Naturistick (Amazon) sells U.S.-made beeswax lip balms in bulk packs of 16 to 155, using coconut oil, shea butter, and aloe vera. Pricing drops significantly at higher pack sizes. Prime shipping makes these convenient for fast restocking.
Mid-Volume Options (100-500 units)
Bulk Apothecary is a major U.S. wholesale supplier for lip balm bases, empty tubes, and finished products. They sell individual components (beeswax, flavor oils, tubes) for DIY makers and pre-made bulk lip balms for resellers. Good option if you want to make your own formulation at scale.
Custom Lip Balm Store (customlipbalmstore.com) offers all-natural beeswax lip balms with full-color custom imprint, FDA approved, made in the USA. MOQ starts at 50 units. Available in 24 flavors. Per-unit cost includes custom branding, which makes this competitive against buying unlabeled tubes plus separate label printing.
Lappe’s Bee Supply sells 100-count displays of natural beeswax lip balms, available in flavors like Honey, Cherry, Vanilla, Herbal Mint, Vanilla Latte, and Rich Hot Cocoa. These come with a retail display stand, making them ideal for store counter placement.
High-Volume Options (500+ units)
Rain Shadow Labs (rainshadowlabs.com) offers wholesale lip care products including private-label lip balms with custom formulations. This is a step up for brands ready to control ingredients and packaging at scale.
AHP Labs (ahpllabs.com) is a certified private-label lip balm manufacturer offering custom formulations, organic options, and FDA-compliant production. MOQs start at 1,000 units. Best for established brands building a complete lip care line.
Alibaba/OEM manufacturers offer the lowest per-unit pricing ($0.10-$0.75/unit) but require MOQs of 1,000-10,000 units and 4-8 week lead times. Quality control is your responsibility. Always order samples, verify certifications, and request third-party lab testing results before committing to a production run.
Private Label vs. Reseller Packs: Which Model Is Right for You?
This is the decision most wholesale lip balm pages gloss over. The two models have fundamentally different economics, timelines, and risk profiles.
| Factor | Reseller Packs (Pre-Branded) | Private Label (Your Brand) |
|---|---|---|
| Upfront cost | $26-$150 (10-50 units) | $200-$2,000+ (100-1,000 units) |
| Per-unit cost | $1.50-$2.60 | $0.80-$1.50 (U.S.) or $0.10-$0.75 (overseas) |
| Margins at $4.99 retail | 48-70% | 70-94% |
| Time to market | Same week | 2-8 weeks (design, production, shipping) |
| Brand equity | You sell someone else’s brand | You own the brand, build repeat customers |
| Risk if it does not sell | Low ($26-$150 exposure) | High ($500-$2,000+ in inventory) |
| FDA labeling compliance | Supplier handles it | Your responsibility (INCI list, net weight, business address) |
The smart path: Start with reseller packs to validate demand. Once you consistently sell 50+ lip balms per month, move to private label. Your per-unit cost drops 40-70%, you build a brand customers remember, and you can negotiate better terms with suppliers who see consistent reorder volume.

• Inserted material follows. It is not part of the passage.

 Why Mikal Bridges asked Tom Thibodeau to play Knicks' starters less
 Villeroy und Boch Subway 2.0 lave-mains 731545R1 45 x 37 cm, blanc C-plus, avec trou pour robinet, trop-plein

When Wholesale Lip Balms Are NOT Worth It
You have no physical sales channel. Lip balms sell best when customers can see, smell, and impulse-buy them. An online-only shop selling $4.99 lip balms faces a shipping cost problem: $3-$5 shipping on a $5 product kills conversion. Unless you bundle lip balms with higher-priced items or hit free-shipping thresholds, online-only lip balm sales underperform.
You are entering a saturated local market. If your farmers market already has three vendors selling handmade lip balm, adding a fourth with a generic reseller product will not work. You need either a genuine differentiator (unique flavors, local beeswax sourcing story, branded packaging) or a different sales channel (boutique consignment, salon placement, hotel amenity contracts).
You want to sell only lip balm. Lip balms work as add-on purchases, not standalone product lines. Customers buying lip balm almost always browse soaps, lotion bars, body butter, and other body care products. A display with only lip balms looks thin. Stock at least 3-4 complementary products to build basket size. Average order value for body care vendors at craft fairs increases 40-60% when lip balm is paired with soap or lotion.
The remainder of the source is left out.